Seventy-nine Congress members, including only two Floridians, Corrine Brown and Alcee Hastings, have signed a letter saying they won’t vote for more money unless it “redeploys” the troops by January 2009. This effort is led by Progressive Caucus chairs Barbara Lee and Lynn Woolsey. Woolsey is getting a lot of heat in DC right now because someone published the transcript of a private conference call on which she advocated pushing primary challenges to pro-war Democrats. But Lynn is not only right morally. Hers is a pro-Democratic Party position. Primaries are good for a party as well as a country. And the leadership of the Democratic Party is in very bad shape right now. They have made clear that their goal is to keep the occupation of Iraq and Bush and Cheney around until November 2008, believing that will help them win elections. Rahm Emanuel has told the Washington Post this, and Congressional staffers tell me this frequently.

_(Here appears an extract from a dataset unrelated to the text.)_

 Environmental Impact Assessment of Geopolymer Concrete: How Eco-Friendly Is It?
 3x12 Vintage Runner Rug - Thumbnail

And the occupation and impeachment fit together, not just because there are so many impeachable offenses related to the occupation, but also because trying to end the occupation would lead to impeachment.
Congressman Brad Sherman asked Petraeus what he would do if Congress ended the occupation but Bush illegally kept it going. Petraeus said he’d have to ask his lawyer. But Sherman was right to assume that Bush will not end the occupation as long as impeachment is off the table, which is one more reason the Democrats will avoid a serious effort to end the occupation unless we force them to act. The thinking on the Hill right now is that if enough Democrats sign that letter and stand firm, Pelosi will go with a bill to please Republicans and win their votes. Pelosi operates in accordance with George Stephanopoulos’s myth that she simply must pass a bill, any bill. In fact, when you get away from the topic of war, on every other issue this Congress can address, the consensus among Democrats is that they have two choices. One is to pass atrocities like the Protect America Act, which Bush will sign. That was the bill that erased the fourth amendment and legalized unconstitutional spying. When they get around to the “Love, Harmony, and Joy” Act, you can be sure we’re all about to be killed.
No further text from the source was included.